For a Continuing Church provides a glimpse of how easily blind spots can impede our ability to embrace a full expression of the church as it was meant to be. As I read through the book, I had no doubt that conservative leaders who sought to maintain the integrity of biblical faithfulness were sincere in their desire to fight against all the factors that they believed undermined it. But sadly, they could not see the harmful attitudes at work against those who shared their same humanity, and moreover for some, the same union in Christ. As Lucas points out, “This merger of doctrinal, political, racial, and economic conservatism represented the worldview of southern Presbyterian conservatives. In their minds, it was not possible to separate the strands.” Change of attitudes would be slow to change.

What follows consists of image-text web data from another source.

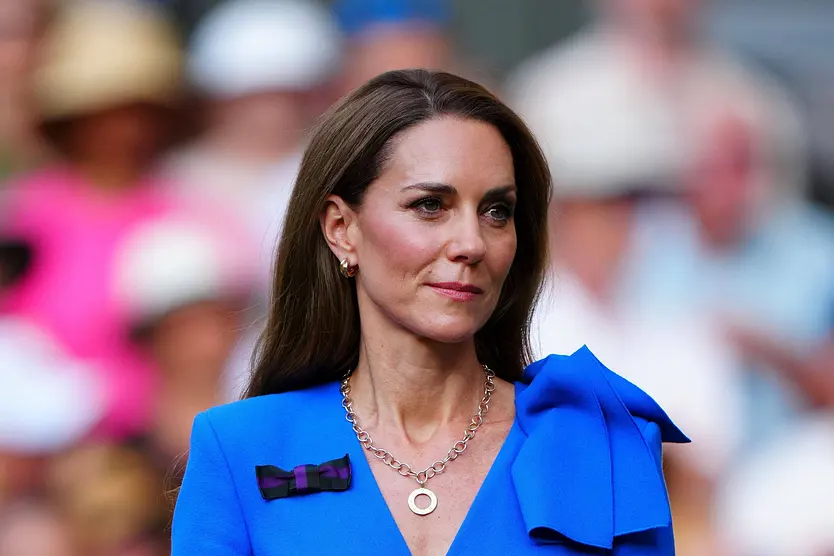 Prinzessin Kate trägt ein blaues Kleid und lächelt sanft. Sie wirkt in Gedanken verloren.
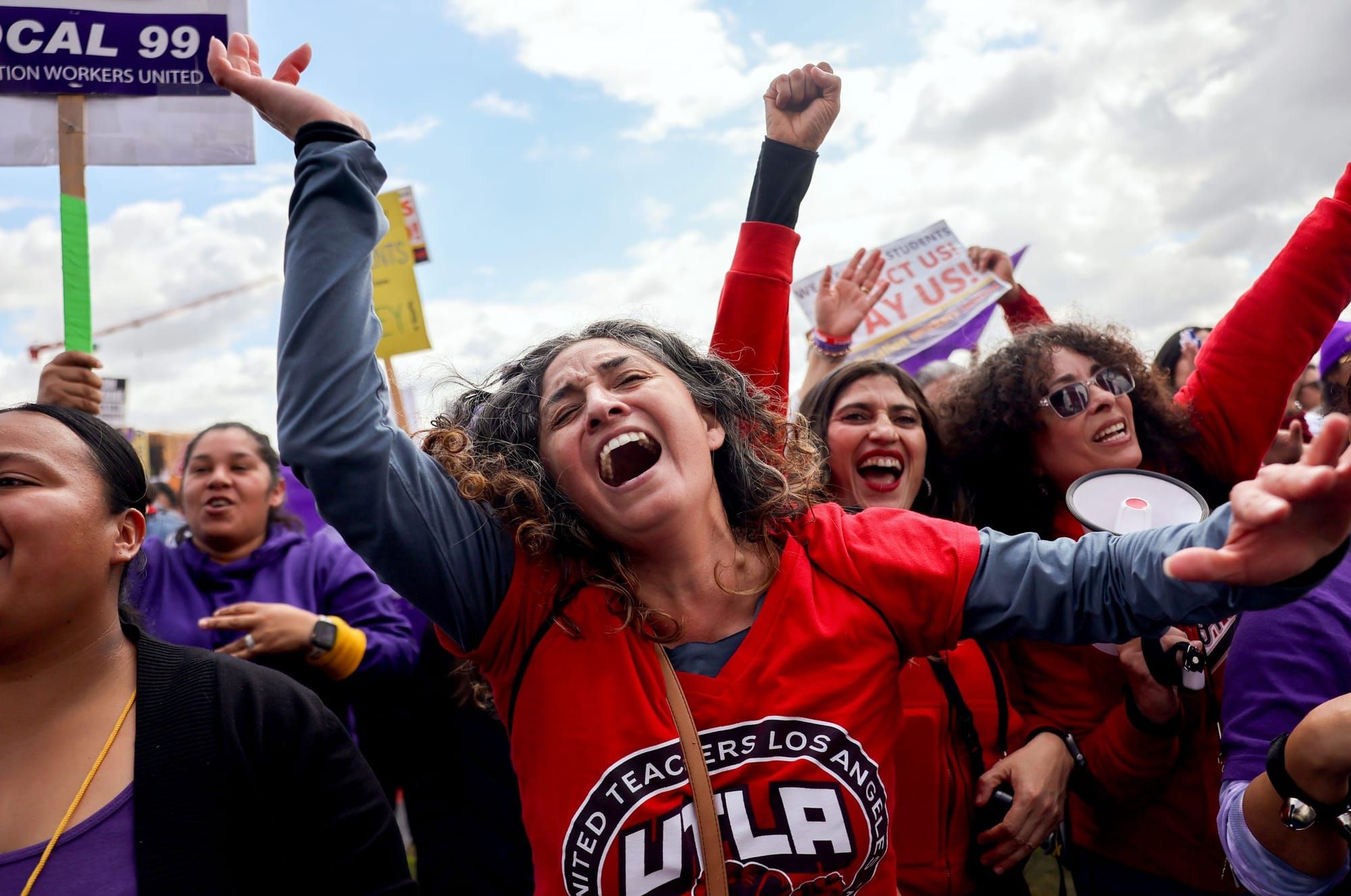 color photograph of an outdoor rally in support of Los Angeles United School District teachers. A woman in a bright red shirt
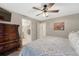 Open bedroom with ceiling fan, TV, and multiple closets and doorways at 7412 S Mobile St, Aurora, CO 80016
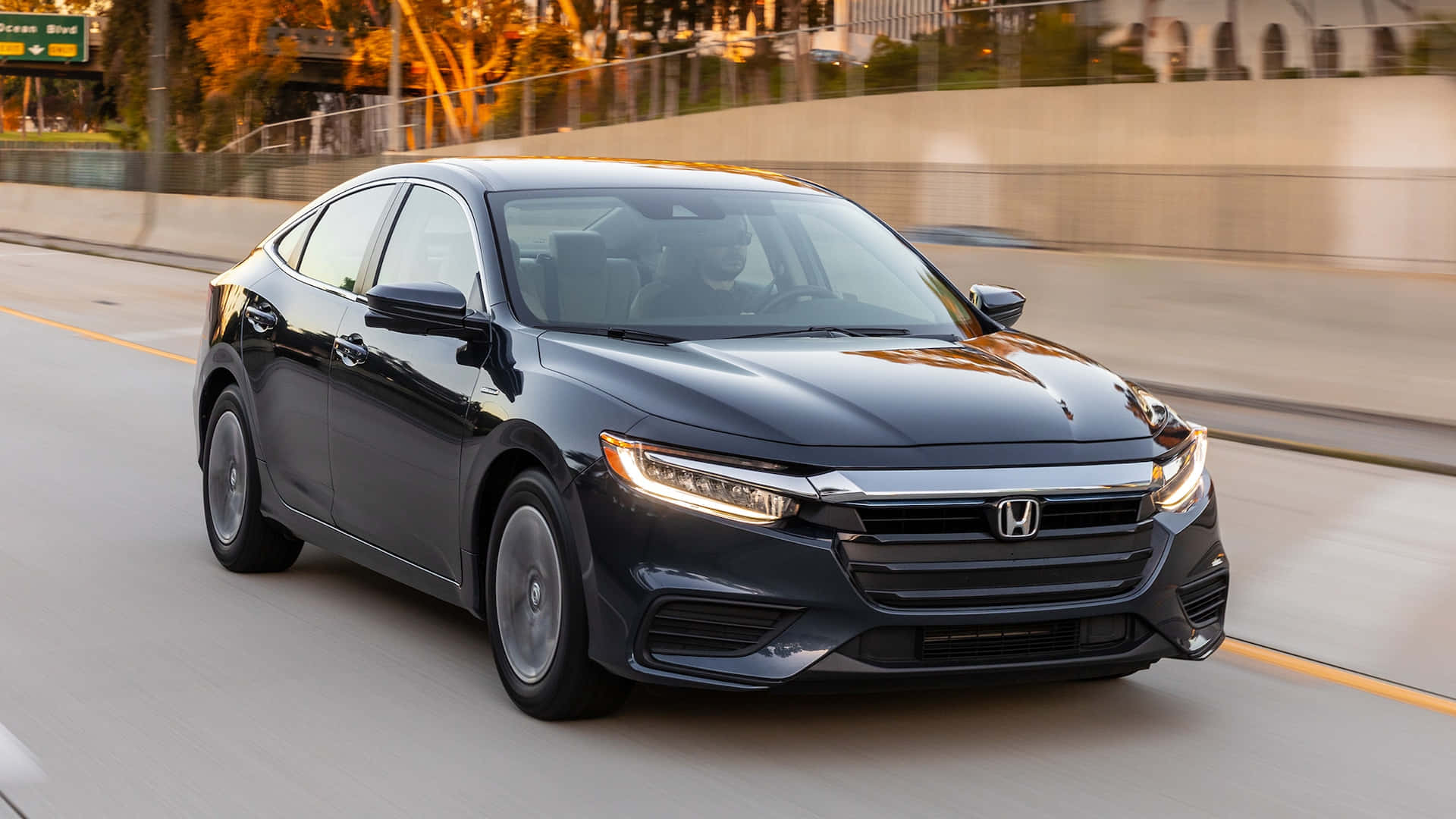 Honda Insight 桌布 壁紙 — 一輛時尚的黑色本田房車在陽光明媚的高速公路上疾馳，背景呈現動態模糊效果。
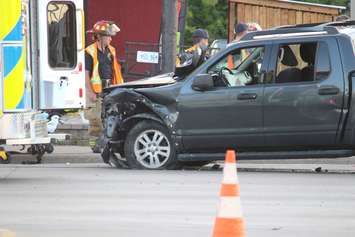 Emergency crews respond to a crash at the intersection of Huron Church Rd. and Tecumseh Rd. W, July 21, 2015. (Photo by Jason Viau)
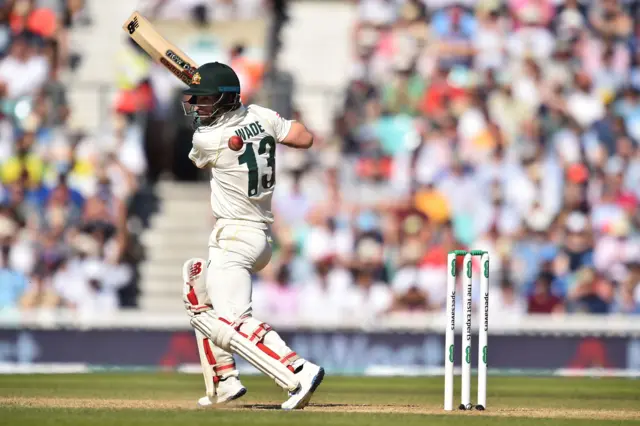 Matthew Wade takes a swing at the ball during play on the fourth day of the fifth Ashes cricket Test match between England and Australia at The Oval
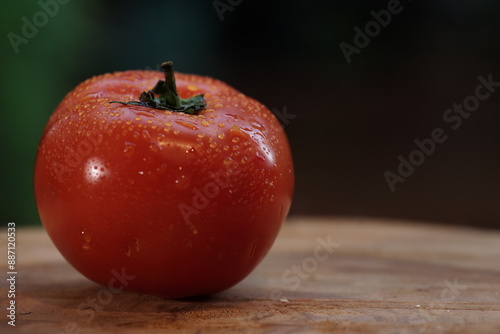 A vibrant red tomato with water drops on a dark background, highlighting its freshness and juiciness. Ideal for culinary, health and organic themed projects.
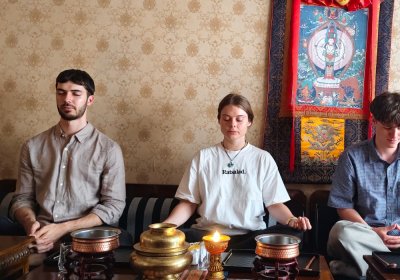 Traveler photo: Three guests sit in meditation at our studio, eyes closed, quietly feeling inner peace and focus. (June 2026)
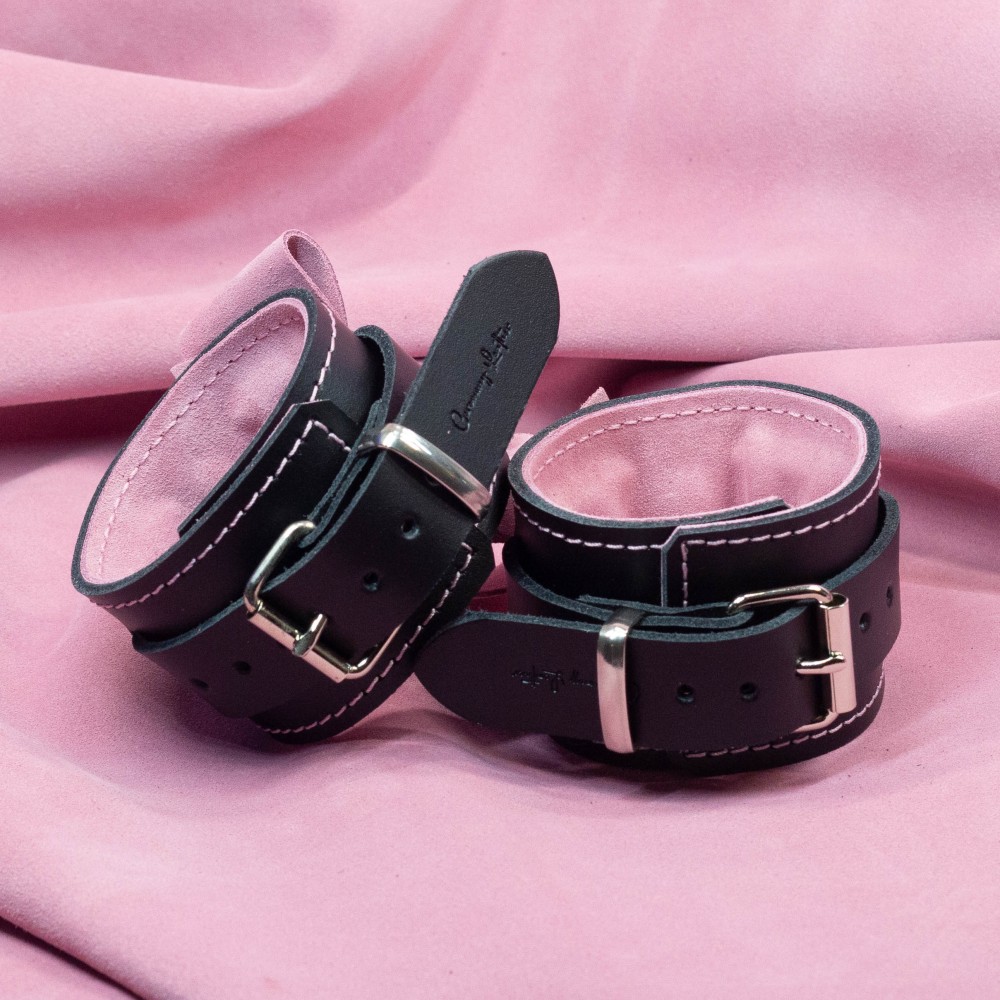 Bondage Cuffs - Black Leather lined with Pretty Baby Pink Suede with Pink Bows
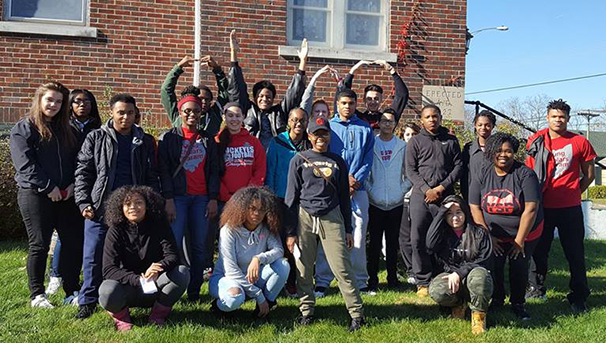 Group of individuals standing and kneeling outside for a photo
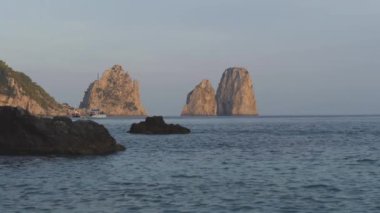 Gün batımında bağlantılı yelken tekne agains Faraglioni deniz yığını. Capri, İtalya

For me, its very fitting that the Civil Rights Movement grew out of the church, especially considering the biggest blind spots came from within the church. Sadly, there are still some today who believe that the church should not experience true integration.
Thankfully, my denomination has taken steps to publicly recognize the disparities and injustices that occurred by opposing equal rights and value of black brothers and sisters in Christ by passing Overture 43 at the 44th General Assembly built on the work Sean Lucas and Ligon Duncan, in consultation with African-American pastors in the denomination. Given the cognitive dissonance and harmful impact that existed for so long, this was a necessary step to the kind of reconciliation that King fought for.